E' spirato nella serata di sabato 14 gennaio, verso le ore 20 S.E. mons. Antonio Mistrorigo, vescovo emerito di Treviso. La notizia è stata comunicata dal vicario generale, mons. Giuseppe Rizzo.
Da anni infermo, era quasi centenario - tra i 10 vescovi più anziani della Chiesa - , essendo nato a Chiampo (VI) il 26.03.1912 e ordinato sacerdote il 07.07.1935, è stato eletto Vescovo di Troia il 9.03.1955 e trasferito a Treviso il 25.06.1958,dove entrò il 03.08.1958; nominato Assistente al Soglio Pontificio il 20.09.1980. Mons. Mistrorigo era Vescovo emerito di Treviso dall'11.02.1989.
La sua principale preoccupazione e occupazione fu sempre la divina liturgia, sia prima che dopo il Concilio Vaticano II.

Presidente della Commissione episcopale per la liturgia (CEI), per molto tempo è stato anche presidente dell’Associazione italiana Santa Cecilia, per lo studio e lo sviluppo della musica sacra.
Curò parecchie edizioni liturgiche, 159 titoli in tutto, e libri per diffondere il canto gregoriano dopo la promulgazione di Sacrosanctum Concilium. Di un certo pregio il suo Dizionario Liturgico-pastorale, pubblicato nel 1977 e il Messalino festivo per la Messa, ristampato nel 2007 in occasione dell'uscita di Summorum Pontificum.
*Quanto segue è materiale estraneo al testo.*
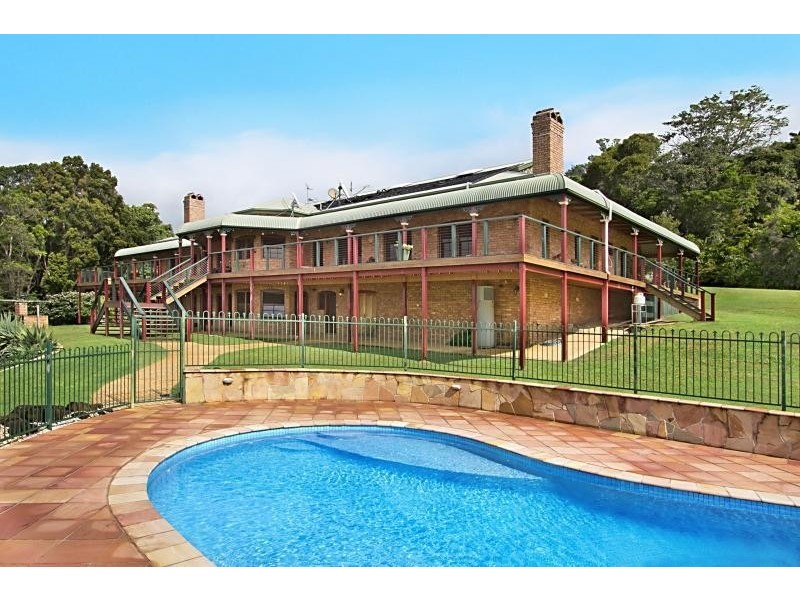 114 Brocks Road, Currumbin Valley QLD 4223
Uno dei messalini bilingui curato da Sua Ecc. Mons. Antonio |
Come ricordo personale aggiungo la sua delicatezza unita al suo indomito desiderio di passare alle nuove generazioni di preti e religiosi il suo amore e il fuoco della divina liturgia. Appena da un anno vescovo emerito di Treviso, nel 1990-91, il monsignore ancora in ottima forma, veniva spessissimo al convento di San Francesco dei frati minori Conventuali di Treviso. Lì, oltre a presiedere spesso e volentieri le solenni celebrazioni, curava personalmente la preparazione liturgica dei giovani e numerosi postulanti (eravamo più di 20). Ci riuniva per le lezioni teoriche e poi si passava insieme in sacrestia e in chiesa per le lezioni pratiche. Mons. Antonio sapeva bene che la liturgia, in particolare quella pontificale, può mettere in soggezione i giovani seminaristi. E con la massima bontà e pazienza faceva le prove che ogni parroco farebbe con i suoi chierichetti, senza tralasciare di insegnare ai futuri cerimonieri quelle cose che diventano semplici con l'esperienza: come mettere e togliere la mitria al vescovo, facendo in modo che le infule cadano bene all'indietro. Si sedeva e chiamava il candidato di turno a imporgli e togliergli il copricapo, cosicché durante la celebrazione tutto fosse svolto con la massima serenità, scioltezza e compostezza. Non era una "mania" di perfezionismo, e questo lo si sentiva nelle sue spiegazioni. Era un modo per far entrare la nuova generazione di chierici nella preghiera liturgica, che non è solo conoscenza astratta, è anche azione, spostamento, oggetti e canti. Con i suoi consigli e la sua esperienza anche le elaborate liturgie pasquali venivano vissute senza ansia di sbagliare, ma con la compostezza e l'atmosfera orante che anche lui contribuiva a creare. Come testimoniano i tantissimi fedeli che accorrevano al tempio francescano di Treviso, che ricordo gremito (ahimè, più della cattedrale...) quando il popolo sapeva che avrebbe celebrato il Vescovo emerito.